▸ **Task item**:
The whole listing is to be restated word for word with no images.

▸ **Materials provided**:
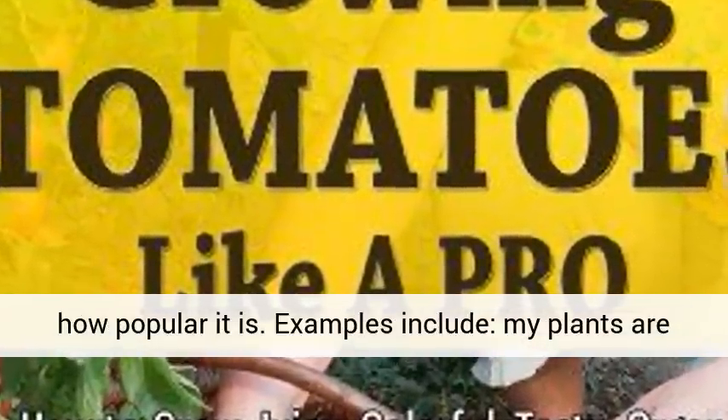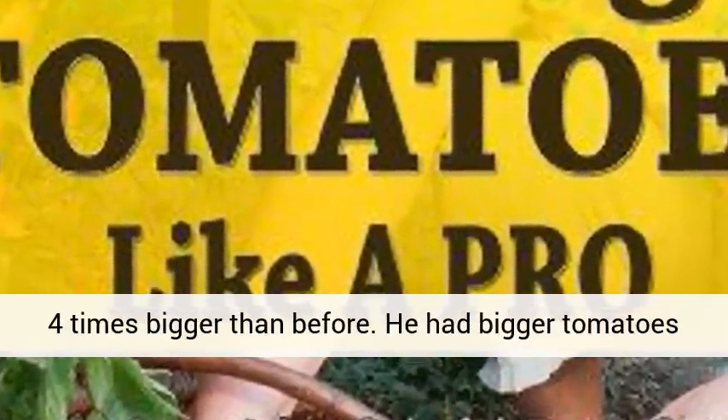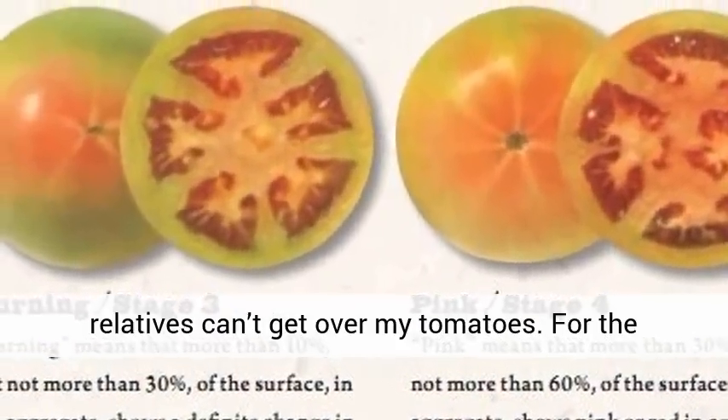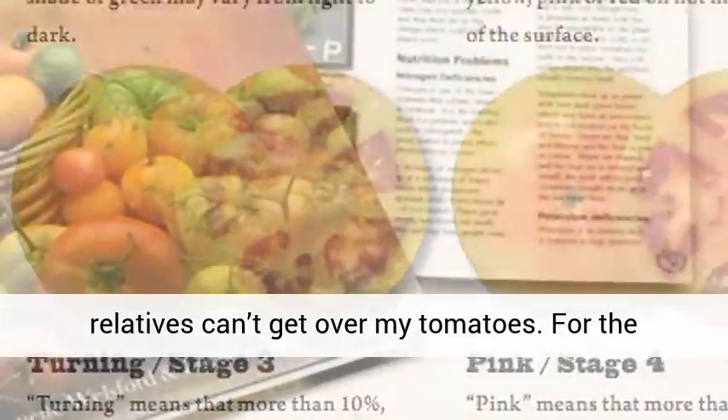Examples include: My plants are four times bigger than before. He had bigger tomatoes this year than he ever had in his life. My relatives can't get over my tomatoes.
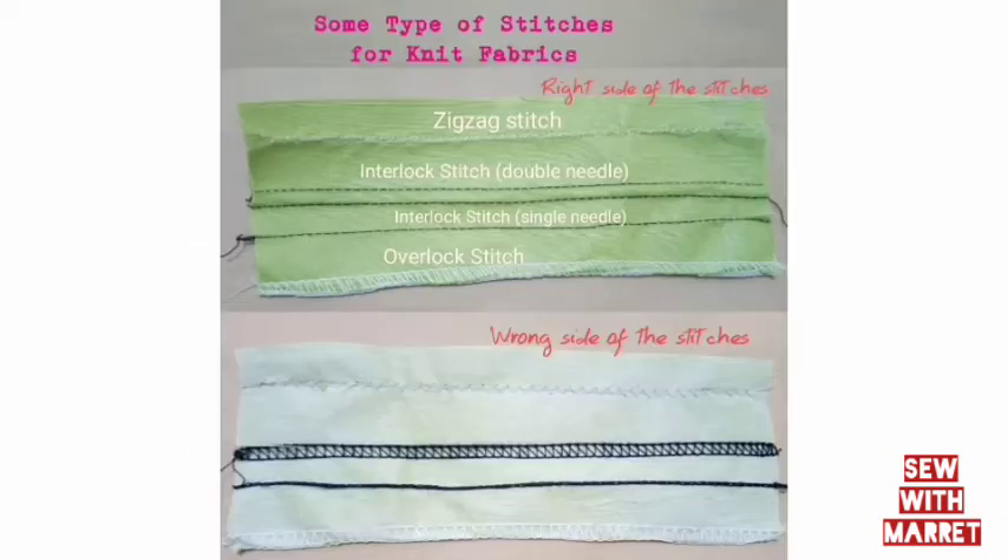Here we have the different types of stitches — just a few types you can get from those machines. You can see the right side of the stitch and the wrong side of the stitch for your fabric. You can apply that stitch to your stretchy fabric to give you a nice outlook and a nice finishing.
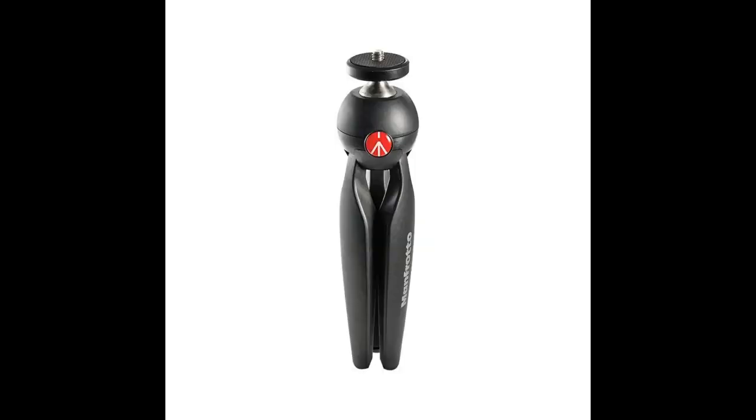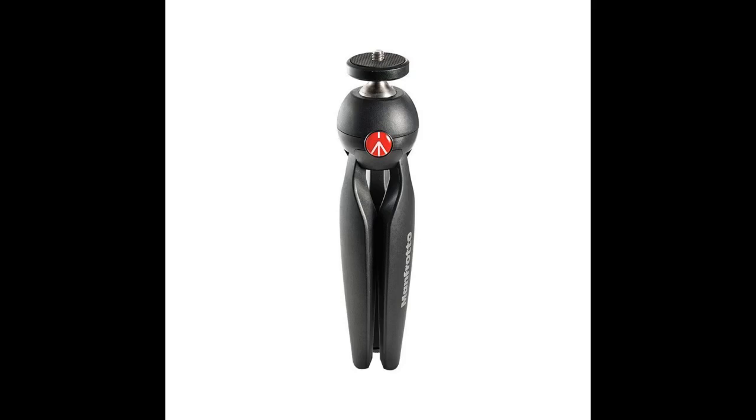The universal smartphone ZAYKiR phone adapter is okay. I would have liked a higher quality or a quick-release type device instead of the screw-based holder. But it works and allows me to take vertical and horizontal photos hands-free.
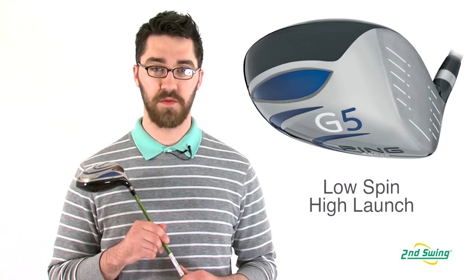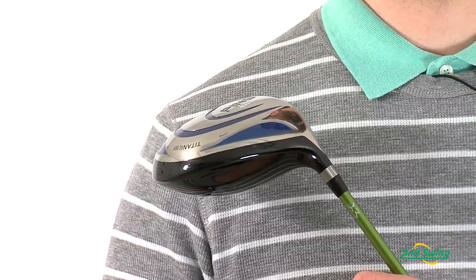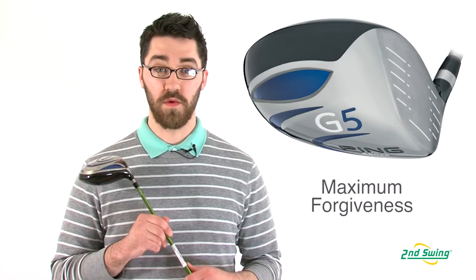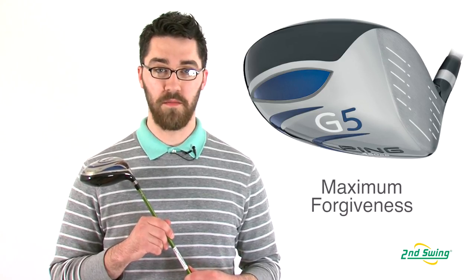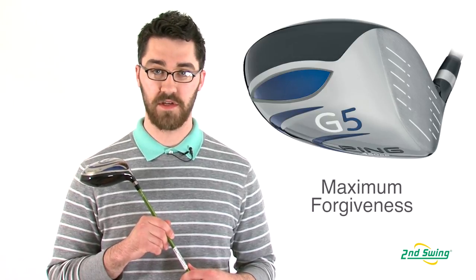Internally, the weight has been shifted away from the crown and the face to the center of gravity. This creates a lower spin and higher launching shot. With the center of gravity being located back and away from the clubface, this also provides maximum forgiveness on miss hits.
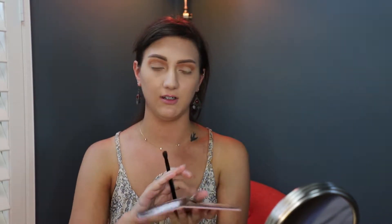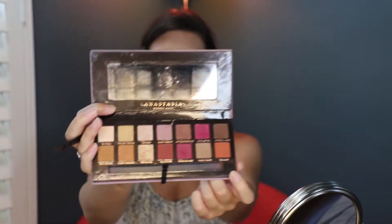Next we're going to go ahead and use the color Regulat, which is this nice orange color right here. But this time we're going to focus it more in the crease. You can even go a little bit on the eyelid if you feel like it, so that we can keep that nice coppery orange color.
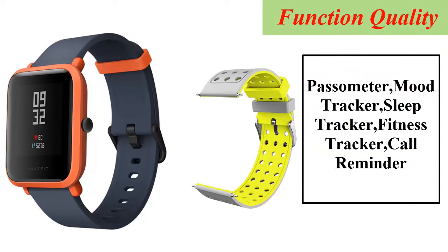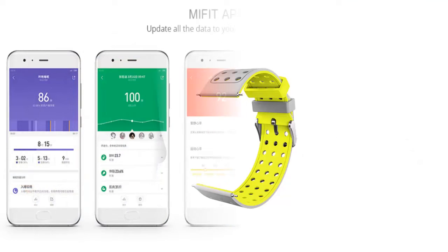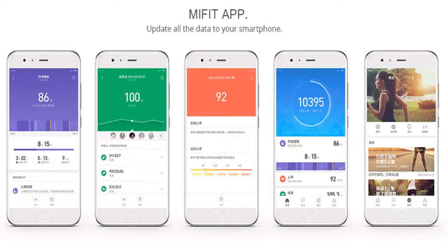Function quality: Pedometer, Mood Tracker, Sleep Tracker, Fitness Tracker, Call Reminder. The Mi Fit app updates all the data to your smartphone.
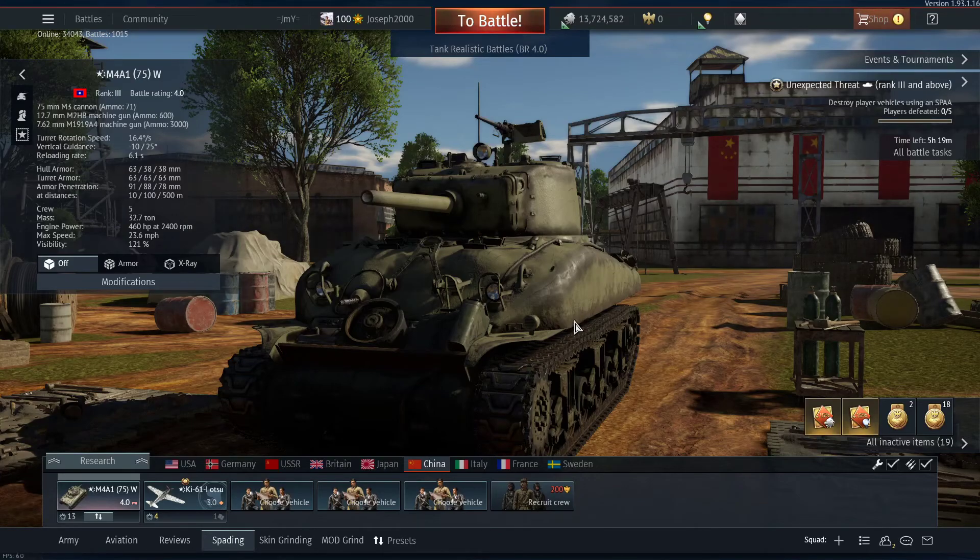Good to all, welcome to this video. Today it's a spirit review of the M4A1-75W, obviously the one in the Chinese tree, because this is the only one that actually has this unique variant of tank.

▸ **Result of the exercise**:
Examples include: My plants are four times bigger than before. He had bigger tomatoes this year than he ever had in his life. My relatives can't get over my tomatoes.
Here we have the different types of stitches — just a few types you can get from those machines. You can see the right side of the stitch and the wrong side of the stitch for your fabric. You can apply that stitch to your stretchy fabric to give you a nice outlook and a nice finishing.
The universal smartphone ZAYKiR phone adapter is okay. I would have liked a higher quality or a quick-release type device instead of the screw-based holder. But it works and allows me to take vertical and horizontal photos hands-free.
Internally, the weight has been shifted away from the crown and the face to the center of gravity. This creates a lower spin and higher launching shot. With the center of gravity being located back and away from the clubface, this also provides maximum forgiveness on miss hits.
Next we're going to go ahead and use the color Regulat, which is this nice orange color right here. But this time we're going to focus it more in the crease. You can even go a little bit on the eyelid if you feel like it, so that we can keep that nice coppery orange color.
Function quality: Pedometer, Mood Tracker, Sleep Tracker, Fitness Tracker, Call Reminder. The Mi Fit app updates all the data to your smartphone.
Good to all, welcome to this video. Today it's a spirit review of the M4A1-75W, obviously the one in the Chinese tree, because this is the only one that actually has this unique variant of tank.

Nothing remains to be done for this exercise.